No coração sempre tenho algo, o que é bem diferente quando busco as razões. Sou movido para dentro desse “comboio de cordas” pessoano. Sou tragado. Não vislumbro possibilidade outra e prossigo, mesmo que doa fundo, mesmo que os movimentos do coração só me levem para um passado. Sou um amante retroativo, não penso em amores futuros, só os que tive e os que tenho. Os meus filhos realizam os sonhos de ter sido. E vão além, que é o que eu realmente desejo. Ser superado pelos filhos e guardar as minhas cicatrizes num baú a que somente eu possuo acesso.

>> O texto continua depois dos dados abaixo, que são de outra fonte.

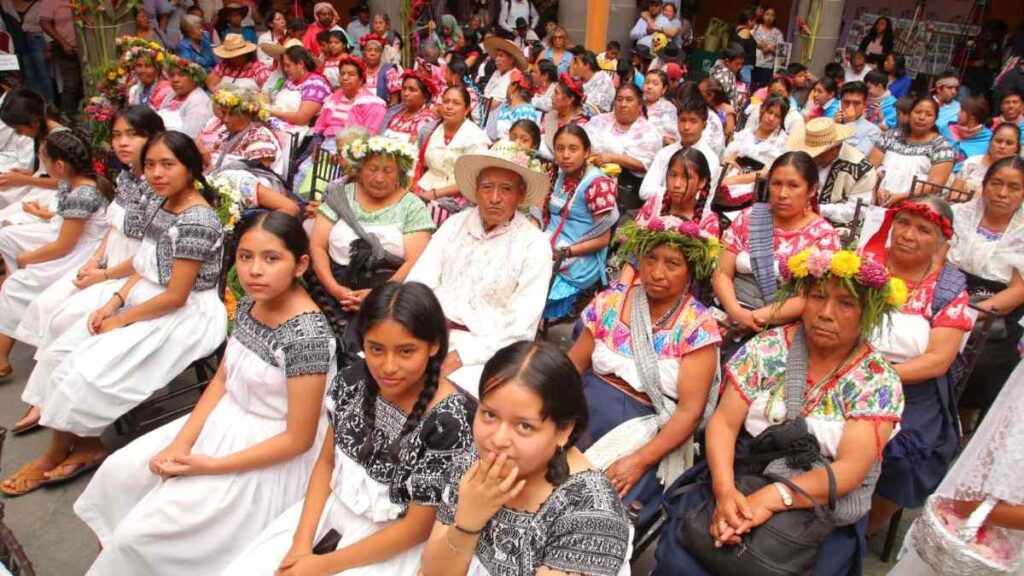 Pobladores de comunidades indígenas en Casa Aguayo durante Día Internacional de los Pueblos Indígenas.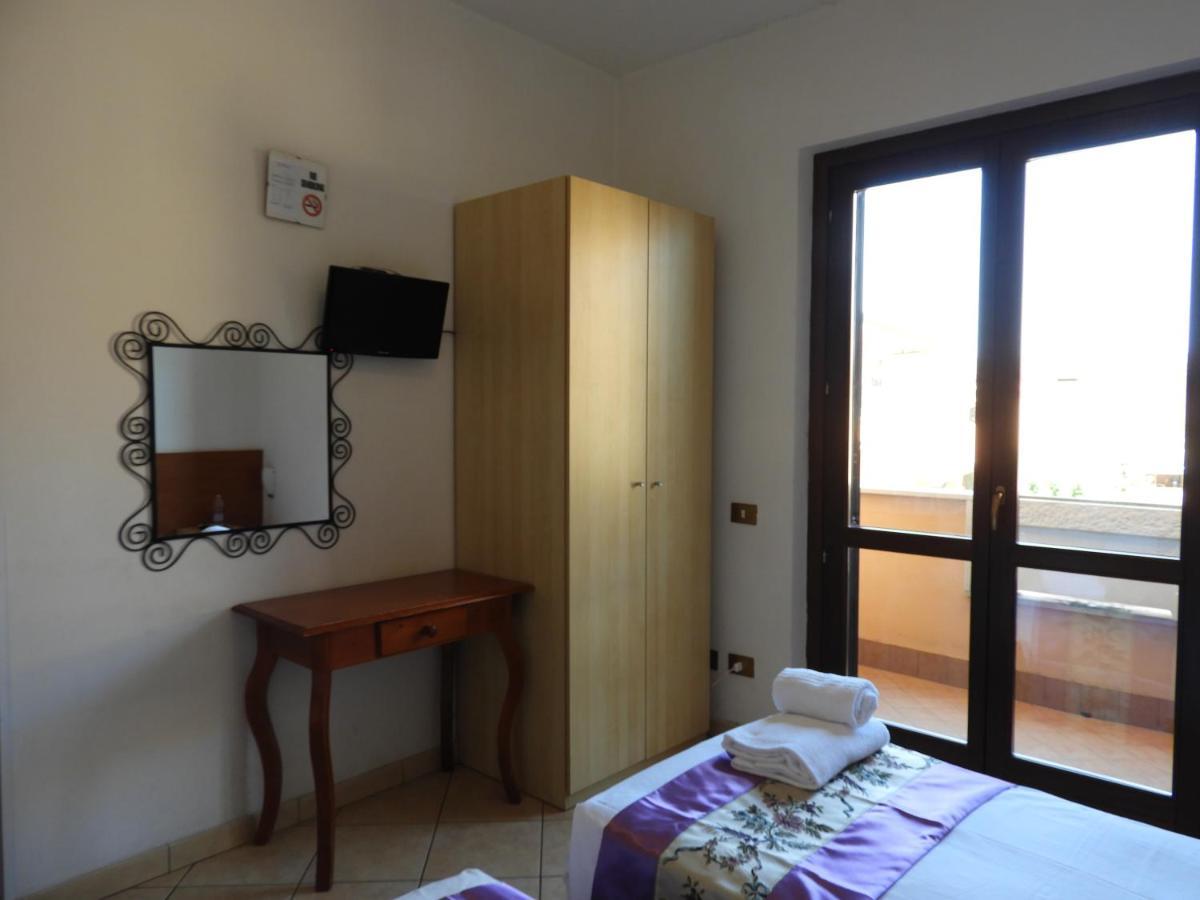 B&B Isola Фиумичино Екстериор снимка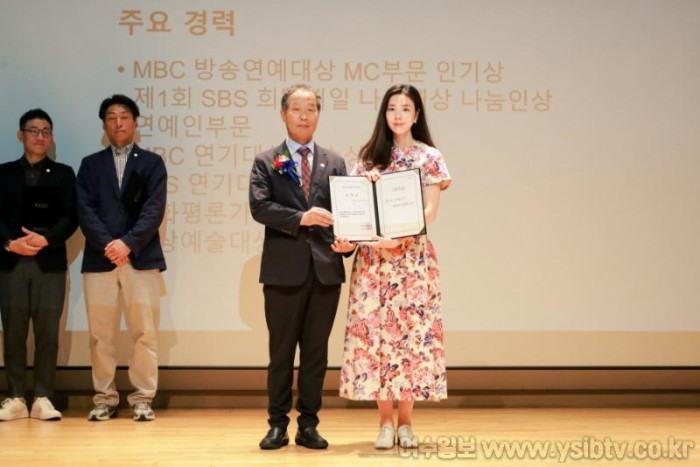 [크기변환]K-댄스 김규리 중간.jpg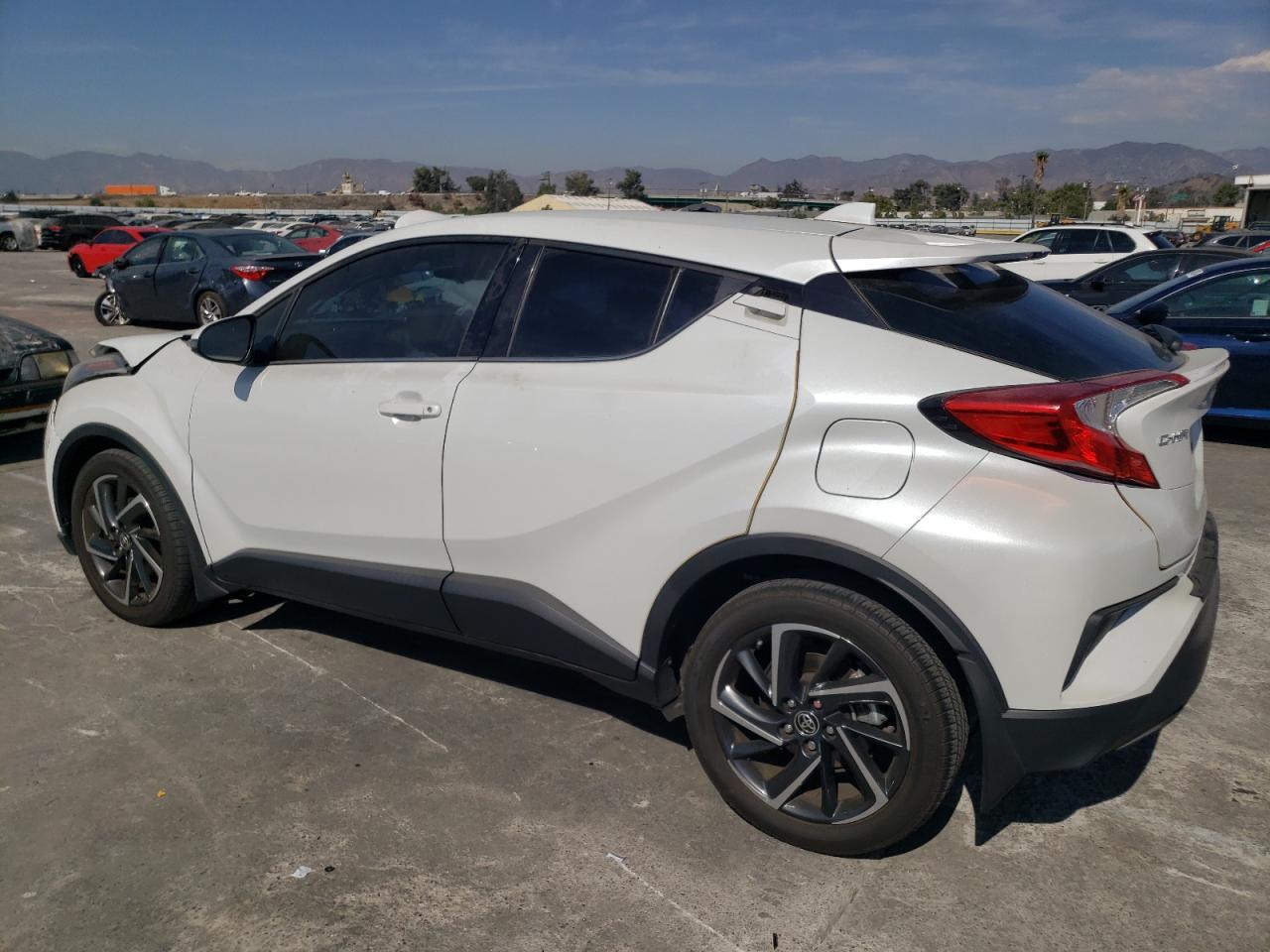 2022 Toyota C-Hr Xle - zdjęcie 2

O que me sossega mesmo é a algaravia dos pássaros lá embaixo, na praça linda e que possuiu dois nomes. Uma praça que é inaugurada mais de uma vez é uma praça lembrada. Poucas são aqui, na minha cidade cheia de sol e de luz e de trevas da razão. Tudo é bom, diferentemente da canção que Caetano deu para Roberto. Tudo é bom porque parece ser. Só os inquietos, como sou, importam-se com o que é profundo e que termina machucando, provocando dor que sobe pela pele. Não aconselho. Apesar de tudo, de todo esse tempo diferente, estranho, com micro-organismos se instalando nos corpos das pessoas e rasgando tudo dentro, aqui fora ainda há muita luz solar e ventos, que até movem uns moinhos gigantescos, mas com menos charme do que os que Cervantes colocou diante de Dom Quixote.

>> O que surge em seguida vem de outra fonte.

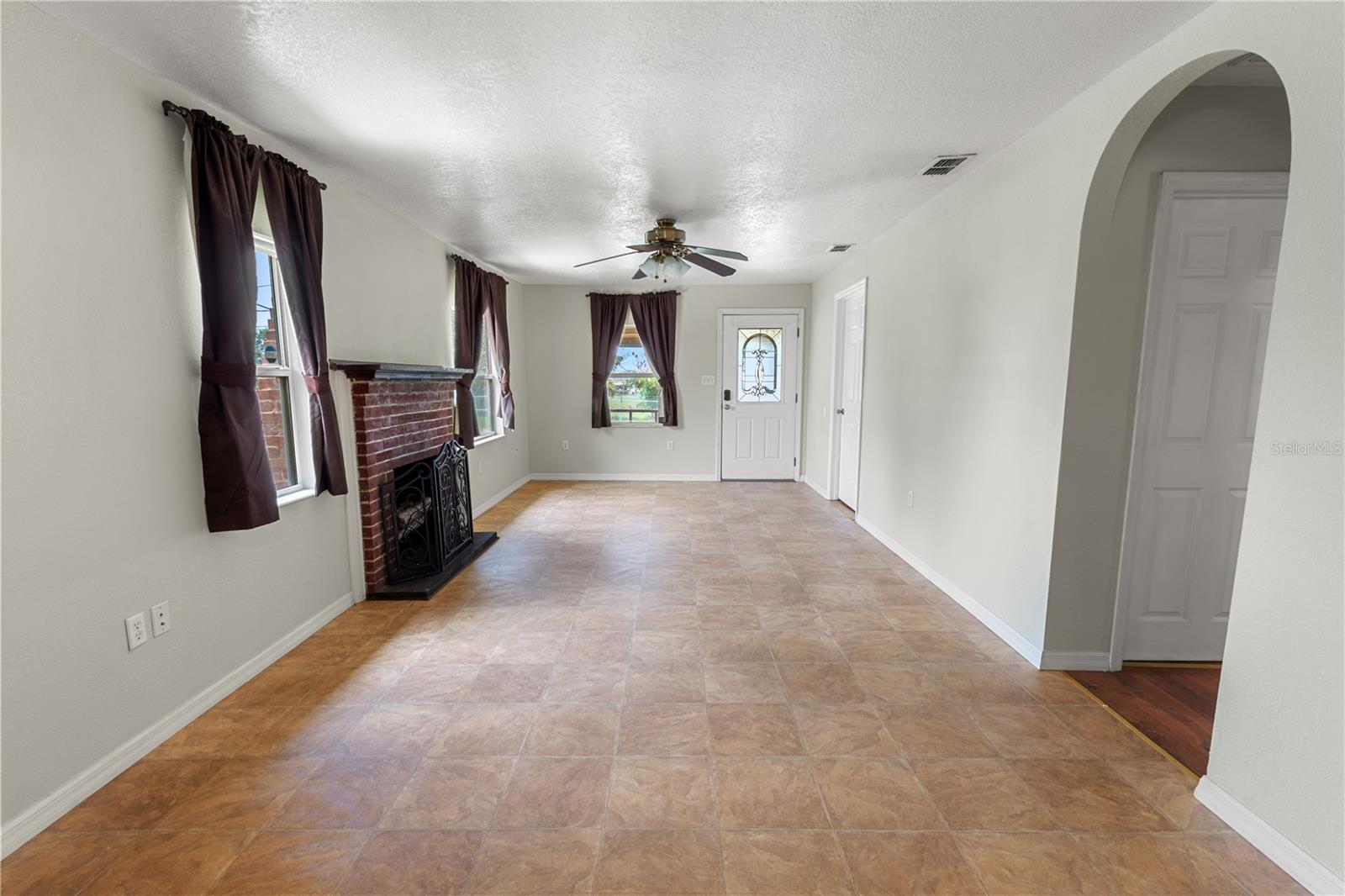 30 E 8TH STREET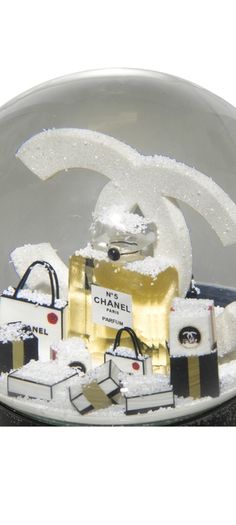 Chanel snow globe 2019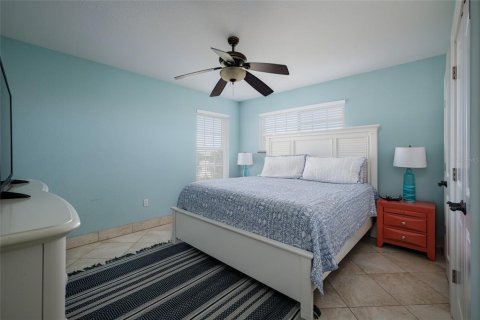 Villa ou maison à vendre à Holmes Beach, Floride: 6 chambres, 258.83 m2 № 2098630 - photo 24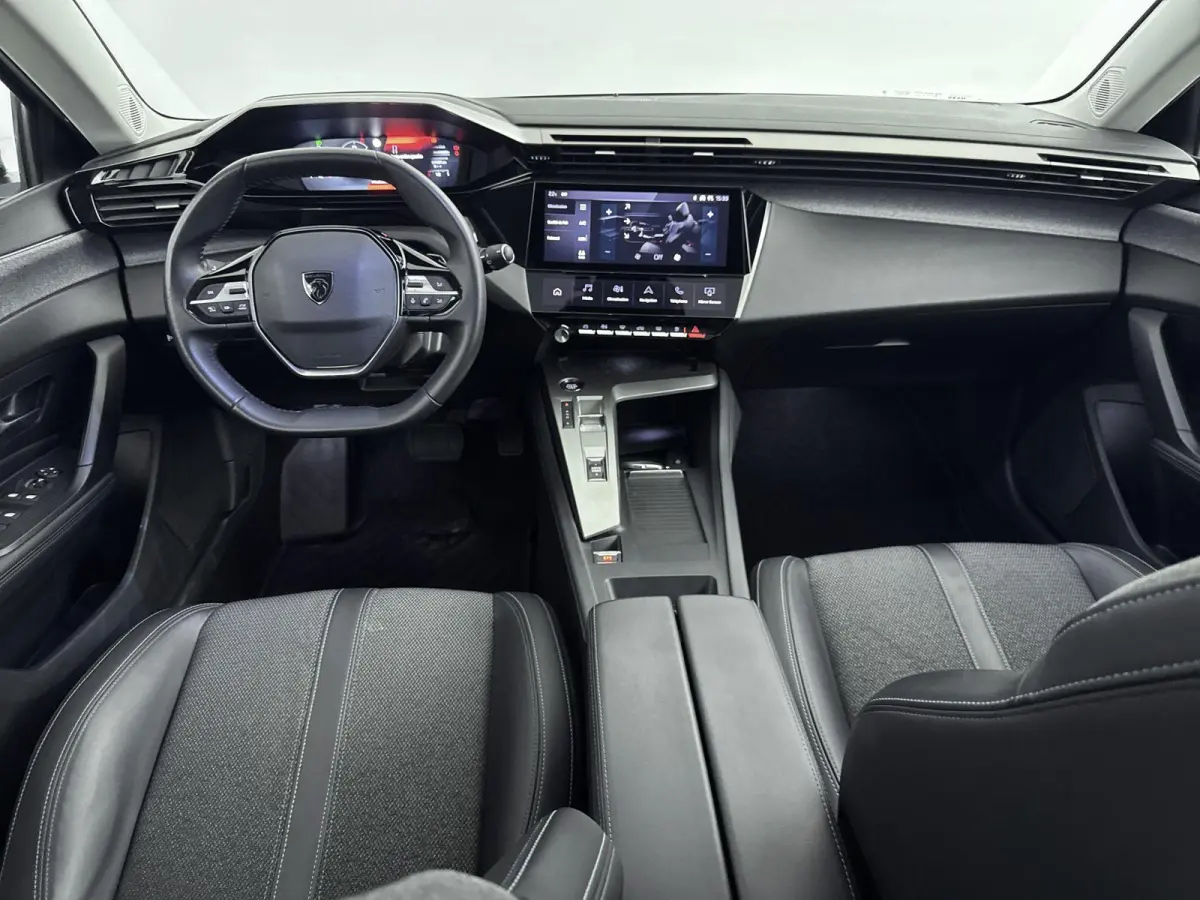 Plug-in Hybrid 180pk Allure | Navigatie | Camera | CarPlay | Dodehoekbewaking | Adaptieve Cruise Control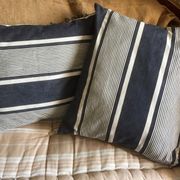 Coussin en toile à matelas ancienne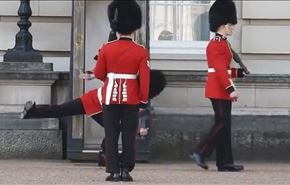 اعتصاب محافظان کاخ ملکه انگلیس و افتادن یکی از آنان! + ویدیو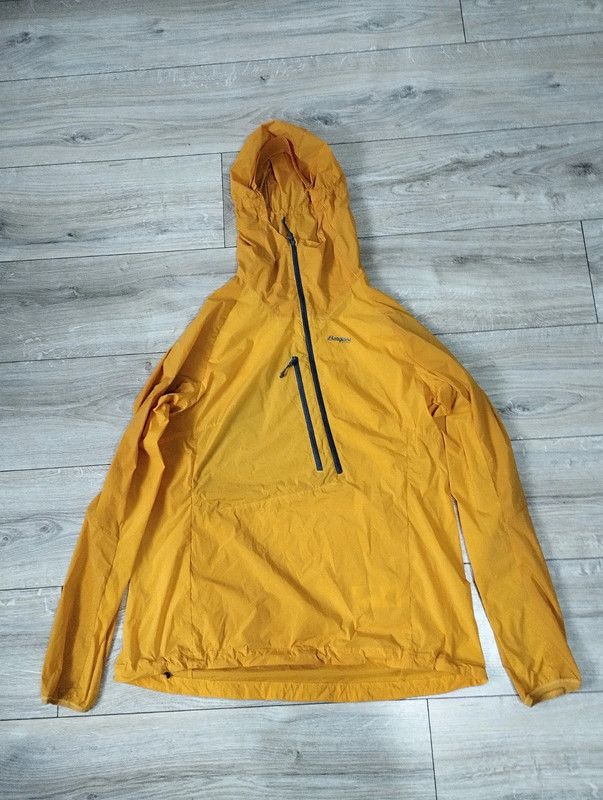 Bergans of Norway Bergans Cecilie LT Wind Anorak trekking jacekt size L Size L / US 10 / IT 46 - 1 Thumbnail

Prossigo nessa luta diária contra e a favor das palavras. São elas que me dizem. Delas tiro o proveito de viver algo criativo e sonhar, sonhar sempre. As duas palavras, “barro” e “vermelho”, talvez sejam tão fortes dentro do meu interior fraco, que não as evito. Apenas as observo e as perscruto, numa poltrona diante da ponte, aquela ponte que leva o sagrado nome de Newton Navarro. Sento-me aqui e busco alcançar o horizonte após ela, enfiado nesta poltrona parecida com a “Nuvem” de Pablo Neruda em Valparaíso. Parece que aguardo um barco imenso, como o que levava o rinoceronte de Fellini: “E la nave va”.